I have told you that there is salvation that is in Christ Jesus. That is what Paul reminds Timothy here. We are living on the edge of eternity. But there is a salvation that can be obtained! Men love to obtain things, a driving license, and place at university, a scholarship, a post.  Do you see that word ‘obtained’ in our text? Paul had obtained God’s salvation, and Timothy had obtained it and all the elect too may obtain it, he says. All the elect here today reading these words may obtain it. “How do I know whether I am elect?” you ask. By obtaining this salvation. By giving your life to God in Christ Jesus. By asking him to show you mercy. By confessing your sins to him. By running away from all the influences that would destroy you and keep you in unbelief. By saying to the Lord, “God be merciful to me a sinner.” By believing in your heart that Jesus died for your sins and confessing with your lips that he is the living Saviour who can deliver you from the ignorance and power and condemnation of sin. Then you can obtain this salvation too. There is no other way. You must fix your mind of the Lord Jesus Christ. There is mercy – it is in him. There is new life – it is in him – there are new resources – they are in him. There is salvation from hell – that is in him. It is all in him and you must do all in your power to get joined to Jesus Christ.
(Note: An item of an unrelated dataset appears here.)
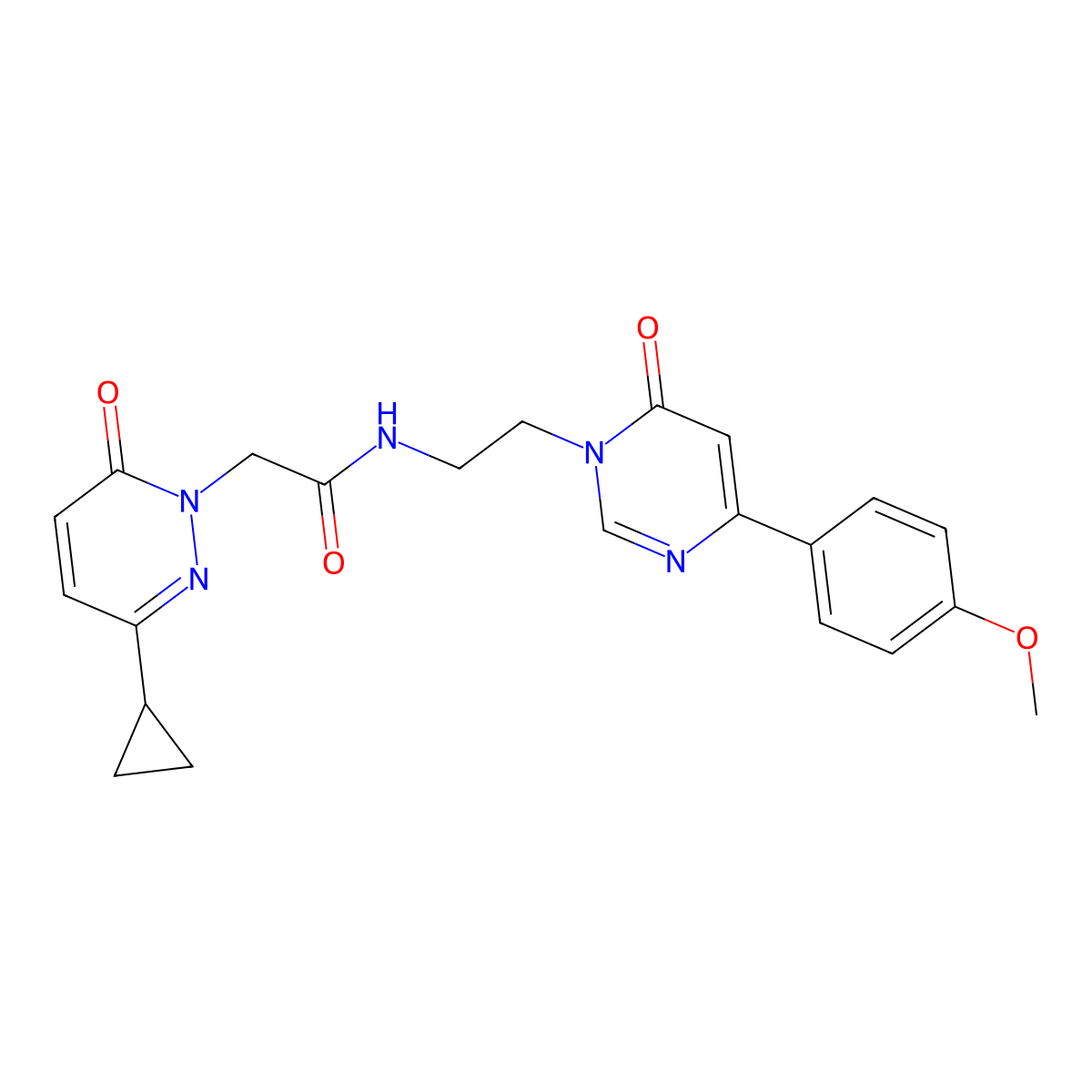 2-(3-cyclopropyl-6-oxopyridazin-1(6H)-yl)-N-(2-(4-(4-methoxyphenyl)-6-oxopyrimidin-1(6H)-yl)ethyl)acetamide molecular structure, CAS 2034367-77-4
ii] That salvation in Christ Jesus is with eternal glory. What moved the Lord Jesus Christ to endure the cross and despise the shame? The joy that was set before him. He could cry, “Father into thy hands I commend my spirit.” He knew where he was going at death. Not into annihilation or purgatory but into the glorious presence of his Father, returning to the one who had sent him to the earth 33 years earlier to be the Saviour of the world. Back to the Father he was returning, mission accomplished, having delivered from hell all that vast number whom god had given to him to save and keep. He would now intercede for them and bring them safely home to the glory above. “God himself will be with them and be their God. He will wipe every tear from their eyes. There will be no more death or mourning or crying or pain, for the old order of things has passed away” (Rev. 21:3&4). And glory, glory dwelleth in Emmanuel’s land.